### INFORMATION SUPPLIED

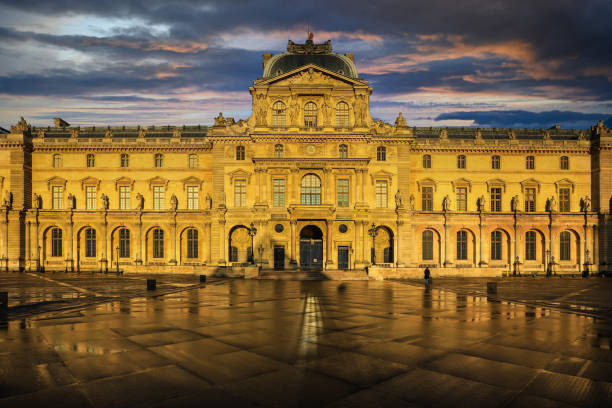 Paris - France, May 5, 2019 : Louvre museum at twilight in winter, this is one of the most popular landmark in Paris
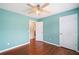 A bedroom with wood floors, a ceiling fan and two closets at 1379 Paddocks Way, Powder Springs, GA 30127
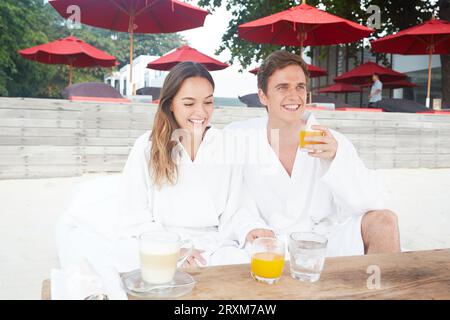 Young couple wearing peignoirs au beach de Ko Samui, Thaïlande Banque D'Images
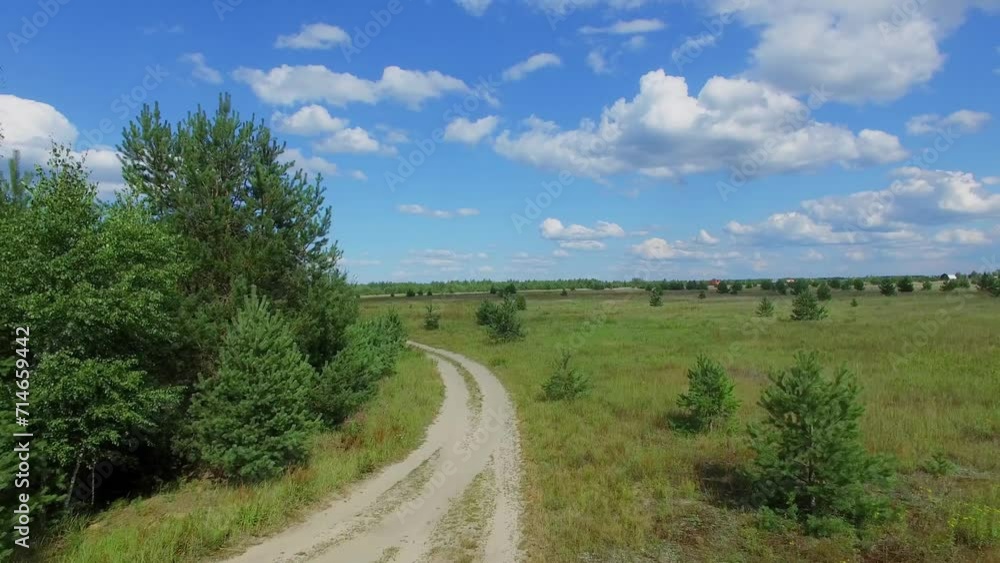 Country road along field near pond at summer sunny day. Aerial view Country road along field near pond at summer sunny day. Aerial view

### EXERCISE BRIEF
From the first line to the last, give the data again exactly, but without pictures.

### REPLY
 Paris - France, May 5, 2019 : Louvre museum at twilight in winter, this is one of the most popular landmark in Paris
 A bedroom with wood floors, a ceiling fan and two closets at 1379 Paddocks Way, Powder Springs, GA 30127
 Young couple wearing peignoirs au beach de Ko Samui, Thaïlande Banque D'Images
 Country road along field near pond at summer sunny day. Aerial view Country road along field near pond at summer sunny day. Aerial view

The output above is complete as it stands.